The World Bank has noted that export growth and competitiveness are key to Rwanda’s ability to raise Foreign Direct Investment (FDI) levels and foster economic growth. To achieve this, the East African country is looking to one of its top five merchandise export, tea.
Owing to Rwandan tea’s competitiveness on international markets, the country’s National Agriculture Export Board (NAEB) has projected tea export revenues to increase to $92 million this year from $88 million last year.
According to NAEB Tea Divison Manager, Issa Nkurunziza, “Rwanda’s tea stands out from its competitors due to its uniqueness in taste and appearance. This year, we are targeting $92 million from Rwandan tea exports.”
Seventy percent of Rwandans engage in agriculture and with the introduction of tea in 1952, it became one of the country’s cash crops. Currently, tea is grown on 26,897 by 42,840 farmers across 12 districts.

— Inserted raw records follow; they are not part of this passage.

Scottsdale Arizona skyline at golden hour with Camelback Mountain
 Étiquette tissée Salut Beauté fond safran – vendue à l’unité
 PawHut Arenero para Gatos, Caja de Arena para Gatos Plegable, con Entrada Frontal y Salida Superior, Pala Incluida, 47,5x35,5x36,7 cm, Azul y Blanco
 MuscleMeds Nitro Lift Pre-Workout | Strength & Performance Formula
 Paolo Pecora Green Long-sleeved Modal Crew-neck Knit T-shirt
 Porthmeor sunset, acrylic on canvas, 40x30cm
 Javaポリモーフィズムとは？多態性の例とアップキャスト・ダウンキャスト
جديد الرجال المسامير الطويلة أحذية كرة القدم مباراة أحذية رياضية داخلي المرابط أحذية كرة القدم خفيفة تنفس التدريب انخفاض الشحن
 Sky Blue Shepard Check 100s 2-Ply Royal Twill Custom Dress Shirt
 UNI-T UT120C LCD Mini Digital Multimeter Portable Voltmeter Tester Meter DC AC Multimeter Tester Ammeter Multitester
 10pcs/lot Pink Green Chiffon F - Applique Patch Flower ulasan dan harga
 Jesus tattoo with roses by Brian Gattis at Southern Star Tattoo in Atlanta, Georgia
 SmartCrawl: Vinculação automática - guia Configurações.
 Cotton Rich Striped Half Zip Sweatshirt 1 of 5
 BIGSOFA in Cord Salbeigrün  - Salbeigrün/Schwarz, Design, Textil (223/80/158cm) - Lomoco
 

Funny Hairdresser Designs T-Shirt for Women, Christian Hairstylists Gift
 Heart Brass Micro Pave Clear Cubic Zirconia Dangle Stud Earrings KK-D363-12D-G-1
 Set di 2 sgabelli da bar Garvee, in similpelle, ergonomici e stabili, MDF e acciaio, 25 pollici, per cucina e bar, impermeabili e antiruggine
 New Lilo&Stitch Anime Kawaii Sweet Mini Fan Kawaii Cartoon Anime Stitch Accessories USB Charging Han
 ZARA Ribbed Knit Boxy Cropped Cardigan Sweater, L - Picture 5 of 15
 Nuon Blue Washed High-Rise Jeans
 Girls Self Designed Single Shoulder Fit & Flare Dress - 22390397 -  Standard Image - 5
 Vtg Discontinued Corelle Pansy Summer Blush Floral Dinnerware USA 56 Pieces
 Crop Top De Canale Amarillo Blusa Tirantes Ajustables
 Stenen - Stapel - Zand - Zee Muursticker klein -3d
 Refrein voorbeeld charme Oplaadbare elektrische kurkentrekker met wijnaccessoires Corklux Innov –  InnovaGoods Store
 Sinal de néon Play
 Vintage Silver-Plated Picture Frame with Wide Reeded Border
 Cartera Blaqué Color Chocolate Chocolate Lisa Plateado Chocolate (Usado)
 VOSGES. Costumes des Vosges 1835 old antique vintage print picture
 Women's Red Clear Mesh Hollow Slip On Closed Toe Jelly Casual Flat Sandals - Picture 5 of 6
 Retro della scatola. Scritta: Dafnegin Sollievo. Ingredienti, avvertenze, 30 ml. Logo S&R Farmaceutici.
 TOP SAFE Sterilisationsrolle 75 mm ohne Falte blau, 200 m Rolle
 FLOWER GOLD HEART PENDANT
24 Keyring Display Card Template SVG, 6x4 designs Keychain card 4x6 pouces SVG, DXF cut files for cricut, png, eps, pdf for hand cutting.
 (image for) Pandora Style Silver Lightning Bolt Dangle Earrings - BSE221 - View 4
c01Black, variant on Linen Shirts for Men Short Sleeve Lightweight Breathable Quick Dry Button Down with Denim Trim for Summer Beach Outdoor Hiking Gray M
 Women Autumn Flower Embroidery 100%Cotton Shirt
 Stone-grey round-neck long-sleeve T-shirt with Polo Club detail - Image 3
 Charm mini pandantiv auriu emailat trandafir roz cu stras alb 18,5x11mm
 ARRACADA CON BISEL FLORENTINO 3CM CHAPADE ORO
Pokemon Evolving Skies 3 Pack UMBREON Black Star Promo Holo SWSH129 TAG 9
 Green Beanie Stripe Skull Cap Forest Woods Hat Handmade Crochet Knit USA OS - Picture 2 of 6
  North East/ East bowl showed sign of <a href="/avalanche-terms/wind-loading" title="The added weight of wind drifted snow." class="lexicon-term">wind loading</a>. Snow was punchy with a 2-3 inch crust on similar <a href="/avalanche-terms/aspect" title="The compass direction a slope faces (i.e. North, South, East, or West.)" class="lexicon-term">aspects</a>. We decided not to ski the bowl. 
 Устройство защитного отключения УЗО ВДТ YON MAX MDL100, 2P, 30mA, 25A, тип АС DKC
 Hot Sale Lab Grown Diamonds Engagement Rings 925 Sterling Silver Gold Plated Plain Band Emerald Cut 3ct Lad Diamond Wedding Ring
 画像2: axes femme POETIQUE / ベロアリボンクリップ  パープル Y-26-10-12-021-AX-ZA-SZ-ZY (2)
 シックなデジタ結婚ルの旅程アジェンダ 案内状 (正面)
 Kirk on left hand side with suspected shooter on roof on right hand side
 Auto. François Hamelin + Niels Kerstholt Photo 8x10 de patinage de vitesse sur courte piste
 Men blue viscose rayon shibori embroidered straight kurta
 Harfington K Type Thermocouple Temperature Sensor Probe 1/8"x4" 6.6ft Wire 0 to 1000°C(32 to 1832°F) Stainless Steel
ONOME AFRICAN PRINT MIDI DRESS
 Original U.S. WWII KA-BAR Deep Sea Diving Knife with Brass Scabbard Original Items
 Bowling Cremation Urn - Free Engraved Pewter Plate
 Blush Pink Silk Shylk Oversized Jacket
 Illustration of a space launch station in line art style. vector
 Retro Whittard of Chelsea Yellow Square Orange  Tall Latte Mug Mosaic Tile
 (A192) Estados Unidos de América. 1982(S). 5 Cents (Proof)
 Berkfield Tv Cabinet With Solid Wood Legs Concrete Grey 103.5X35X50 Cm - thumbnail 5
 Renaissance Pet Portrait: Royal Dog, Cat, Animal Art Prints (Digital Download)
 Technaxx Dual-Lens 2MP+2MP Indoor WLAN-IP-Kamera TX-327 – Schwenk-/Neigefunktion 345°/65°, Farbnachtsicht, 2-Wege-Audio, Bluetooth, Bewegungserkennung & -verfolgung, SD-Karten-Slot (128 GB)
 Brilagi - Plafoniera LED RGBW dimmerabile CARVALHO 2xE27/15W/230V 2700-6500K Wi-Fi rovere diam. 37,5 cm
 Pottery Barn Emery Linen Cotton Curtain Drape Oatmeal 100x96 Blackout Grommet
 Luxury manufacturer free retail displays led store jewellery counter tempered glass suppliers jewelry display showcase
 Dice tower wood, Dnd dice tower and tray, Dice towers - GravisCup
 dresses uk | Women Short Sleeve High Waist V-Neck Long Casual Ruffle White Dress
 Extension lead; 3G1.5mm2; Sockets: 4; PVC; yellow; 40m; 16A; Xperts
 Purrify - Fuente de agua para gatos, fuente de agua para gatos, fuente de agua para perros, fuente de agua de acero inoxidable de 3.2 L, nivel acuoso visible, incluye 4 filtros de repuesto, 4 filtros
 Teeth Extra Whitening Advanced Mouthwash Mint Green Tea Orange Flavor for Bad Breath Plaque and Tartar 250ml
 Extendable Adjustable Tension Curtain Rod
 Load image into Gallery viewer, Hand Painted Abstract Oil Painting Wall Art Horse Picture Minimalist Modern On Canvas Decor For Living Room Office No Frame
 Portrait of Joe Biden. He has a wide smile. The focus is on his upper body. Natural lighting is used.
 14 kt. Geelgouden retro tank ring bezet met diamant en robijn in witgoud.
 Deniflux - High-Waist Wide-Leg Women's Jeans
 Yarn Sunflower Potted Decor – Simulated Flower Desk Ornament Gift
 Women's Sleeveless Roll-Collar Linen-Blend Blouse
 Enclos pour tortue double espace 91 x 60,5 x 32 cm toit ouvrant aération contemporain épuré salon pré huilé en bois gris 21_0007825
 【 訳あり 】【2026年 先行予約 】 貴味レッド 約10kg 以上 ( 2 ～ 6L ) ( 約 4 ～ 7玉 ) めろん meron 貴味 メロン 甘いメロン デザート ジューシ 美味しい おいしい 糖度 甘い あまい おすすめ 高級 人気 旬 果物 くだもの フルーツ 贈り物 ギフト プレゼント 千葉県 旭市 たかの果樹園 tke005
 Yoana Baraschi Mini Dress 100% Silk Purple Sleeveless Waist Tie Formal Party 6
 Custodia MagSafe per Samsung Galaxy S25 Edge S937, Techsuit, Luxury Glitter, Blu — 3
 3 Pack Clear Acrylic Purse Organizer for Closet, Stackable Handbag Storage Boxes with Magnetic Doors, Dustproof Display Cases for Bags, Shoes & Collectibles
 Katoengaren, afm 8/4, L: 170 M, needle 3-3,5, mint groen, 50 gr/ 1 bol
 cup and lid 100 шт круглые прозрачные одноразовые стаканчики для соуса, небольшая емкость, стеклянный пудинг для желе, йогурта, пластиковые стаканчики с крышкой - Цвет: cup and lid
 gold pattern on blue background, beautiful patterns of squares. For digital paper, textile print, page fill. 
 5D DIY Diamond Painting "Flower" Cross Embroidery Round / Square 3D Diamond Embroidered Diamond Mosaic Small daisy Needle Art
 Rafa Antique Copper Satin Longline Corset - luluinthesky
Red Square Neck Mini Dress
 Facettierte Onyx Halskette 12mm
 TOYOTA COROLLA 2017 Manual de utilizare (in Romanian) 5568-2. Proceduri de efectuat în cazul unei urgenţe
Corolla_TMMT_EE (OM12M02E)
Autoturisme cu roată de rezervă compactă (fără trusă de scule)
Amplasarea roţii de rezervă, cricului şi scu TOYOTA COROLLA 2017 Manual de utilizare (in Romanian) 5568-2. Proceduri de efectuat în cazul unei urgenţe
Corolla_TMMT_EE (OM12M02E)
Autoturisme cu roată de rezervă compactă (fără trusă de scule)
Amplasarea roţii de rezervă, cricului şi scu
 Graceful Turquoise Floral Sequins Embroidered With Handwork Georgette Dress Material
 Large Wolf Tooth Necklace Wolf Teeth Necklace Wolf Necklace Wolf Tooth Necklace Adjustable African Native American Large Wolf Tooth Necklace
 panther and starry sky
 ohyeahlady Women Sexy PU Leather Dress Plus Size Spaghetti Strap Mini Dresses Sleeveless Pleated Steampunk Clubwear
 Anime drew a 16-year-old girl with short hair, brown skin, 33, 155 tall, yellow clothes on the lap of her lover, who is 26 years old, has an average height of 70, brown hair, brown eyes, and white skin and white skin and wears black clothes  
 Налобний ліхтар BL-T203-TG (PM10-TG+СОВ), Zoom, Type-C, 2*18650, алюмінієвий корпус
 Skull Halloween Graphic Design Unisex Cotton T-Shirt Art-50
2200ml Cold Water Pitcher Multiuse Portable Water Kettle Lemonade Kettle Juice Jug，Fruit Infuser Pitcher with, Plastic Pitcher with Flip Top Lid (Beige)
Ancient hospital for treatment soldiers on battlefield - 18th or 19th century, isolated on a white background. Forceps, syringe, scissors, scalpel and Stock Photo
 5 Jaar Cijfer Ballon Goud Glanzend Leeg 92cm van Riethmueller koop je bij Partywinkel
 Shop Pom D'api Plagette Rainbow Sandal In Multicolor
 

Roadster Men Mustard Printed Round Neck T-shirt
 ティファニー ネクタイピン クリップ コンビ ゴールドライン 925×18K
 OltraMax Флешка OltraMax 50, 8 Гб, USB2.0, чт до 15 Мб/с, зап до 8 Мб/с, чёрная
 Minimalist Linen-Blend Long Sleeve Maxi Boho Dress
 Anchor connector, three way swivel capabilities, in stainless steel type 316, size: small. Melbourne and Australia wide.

Over the years, tea production in Rwanda has increased significantly from 14,500 tonnes in 2000 to 25,128 tons in 2017. Between July 2016 and June 2017, Rwanda recorded a 15 percent increase in profit worth $74.5 million after exporting 27,824 metric tonnes of tea to 48 countries in Asia, Middle East, Africa and Europe.
Rwanda produces one of the best quality teas in the world. Approximately 97.3 percent is exported in raw form. 60 percent of the country’s tea is sold in auctions, 37.3 percent is sold directly and 2.7 percent are sold locally.
While the country looks to get increased revenue from its tea exports, it finds it difficult convincing its citizens to drink tea. Nkurunziza noted that tea consumption in Rwanda is fairly low, with local consumption yet to reach the estimated 3 percent of total production.